▸ **Description of the task**
Give a verbatim copy of the lines below, minus the pictures.

▸ **Recorded data**
((
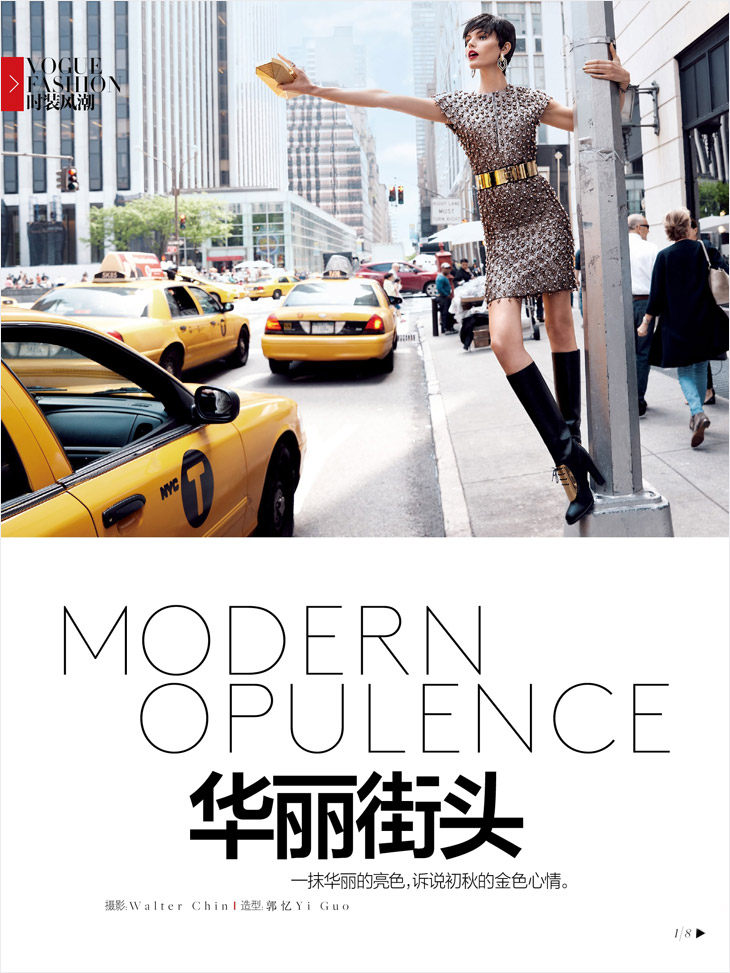 Vogue China-August 2013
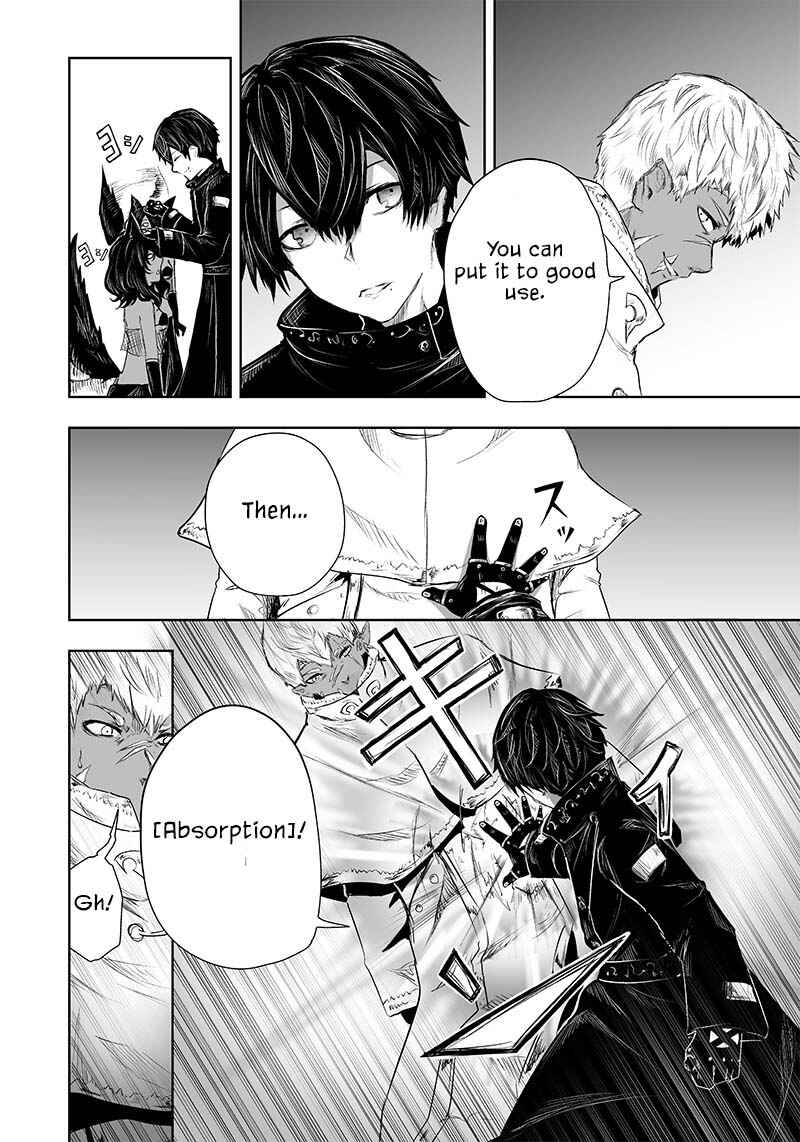 Ore dake Fuguu Skill no Isekai Shoukan Hangyakuki ~Saijaku Skill "Kyuushuu" ga Subete wo Nomikomu made~ Chapter 27 - Page 13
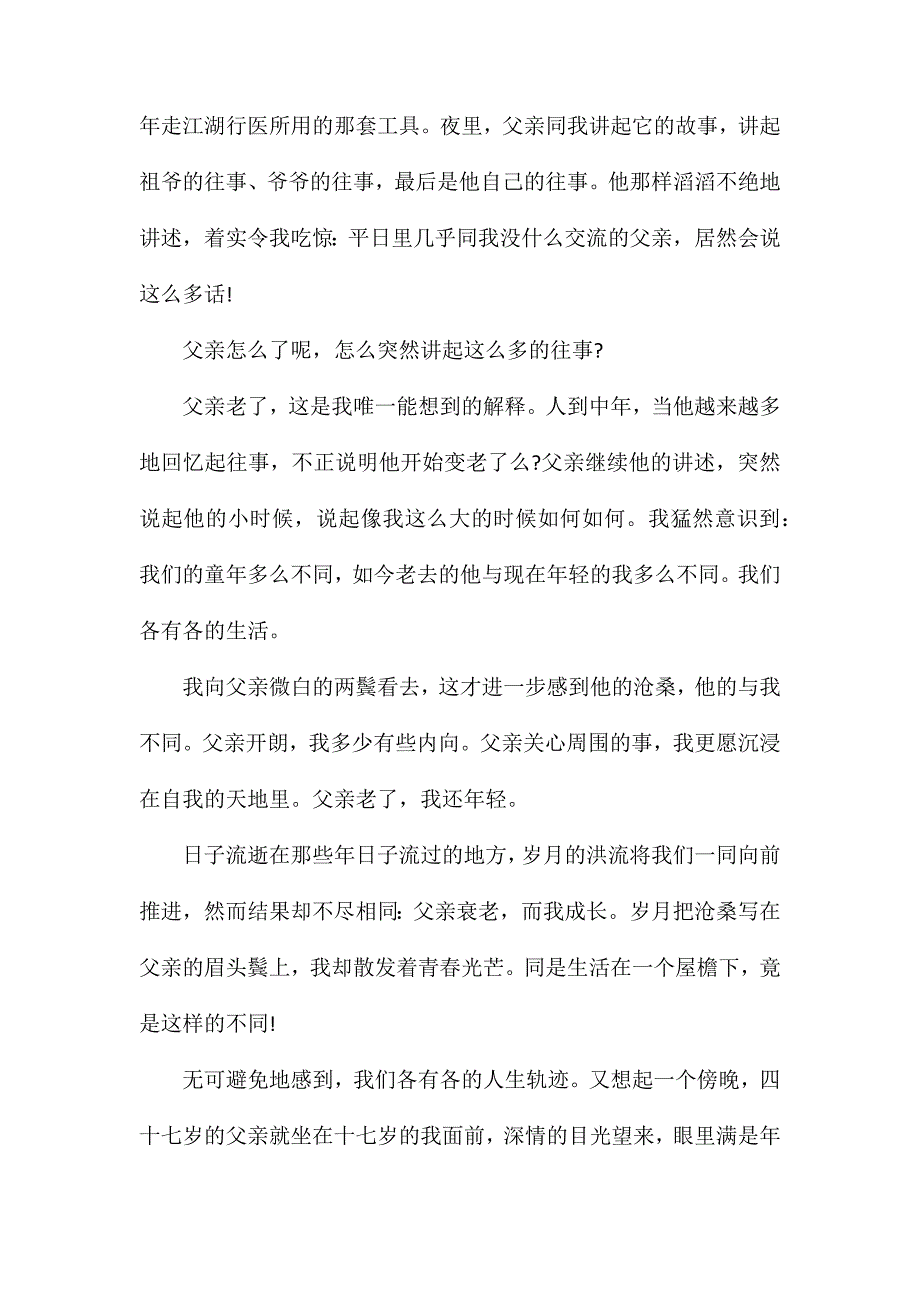 关于高三路的语文作文_第4页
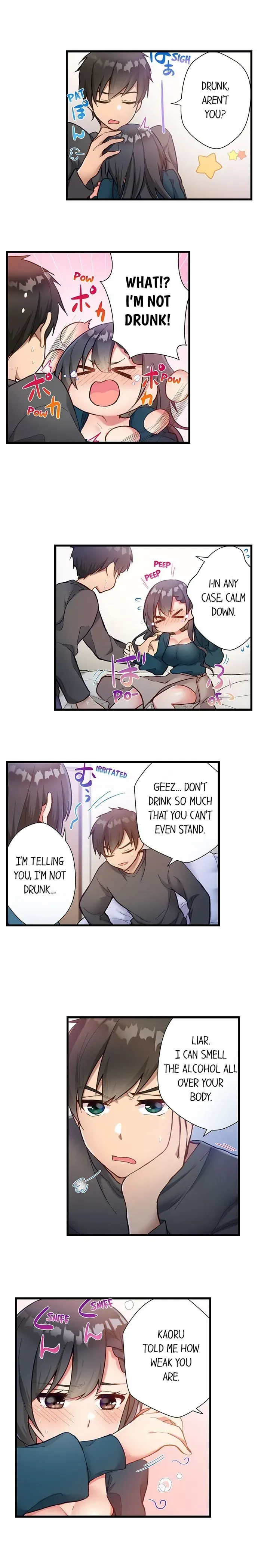 Living in a Fuck Room Chapter 16 page 3 - 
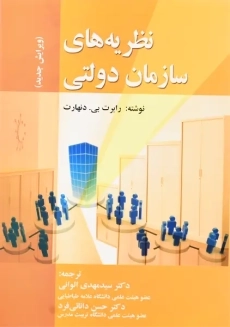 کتاب نظریه های سازمان دولتی | دنهارت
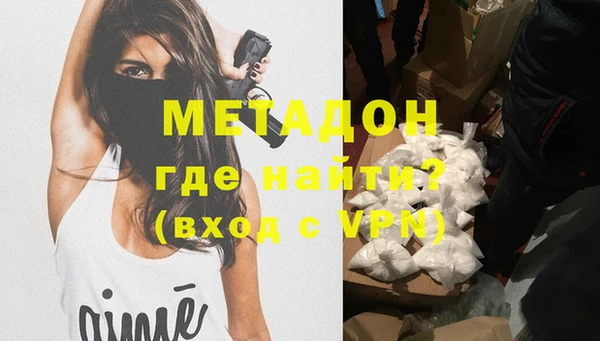стафф Белокуриха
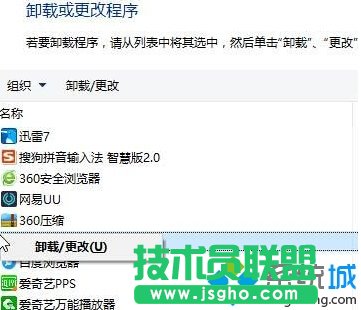 Win10系統下QQPCmgr文件夾刪除不掉的解決步驟2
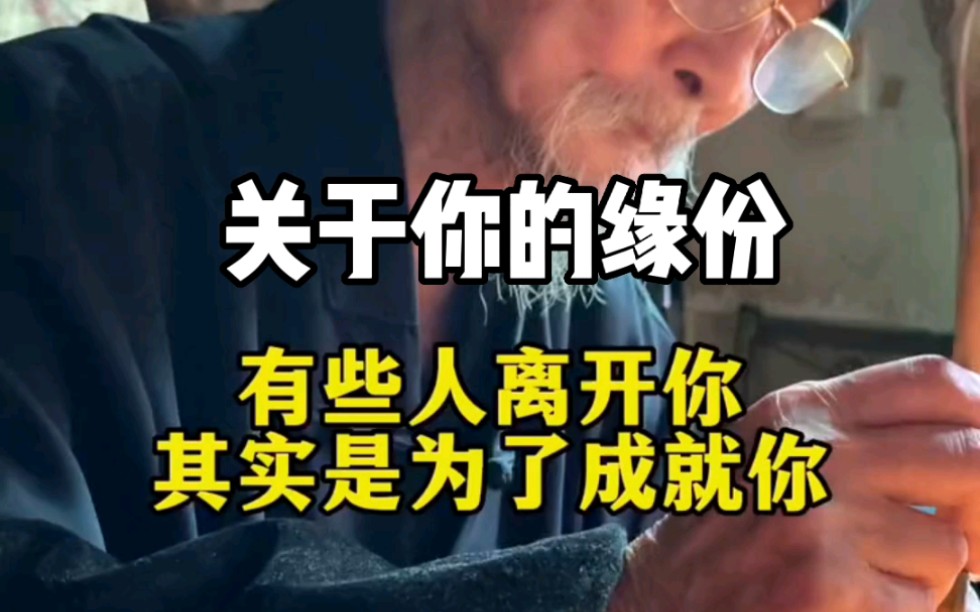 或许你正经历分手，失恋，但是有些人的离开未必是坏事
))
▸ **Problem solution**
 Vogue China-August 2013
 Ore dake Fuguu Skill no Isekai Shoukan Hangyakuki ~Saijaku Skill "Kyuushuu" ga Subete wo Nomikomu made~ Chapter 27 - Page 13
 关于高三路的语文作文_第4页
 Living in a Fuck Room Chapter 16 page 3 - 
 کتاب نظریه های سازمان دولتی | دنهارت
стафф Белокуриха
 Win10系統下QQPCmgr文件夾刪除不掉的解決步驟2
 或许你正经历分手，失恋，但是有些人的离开未必是坏事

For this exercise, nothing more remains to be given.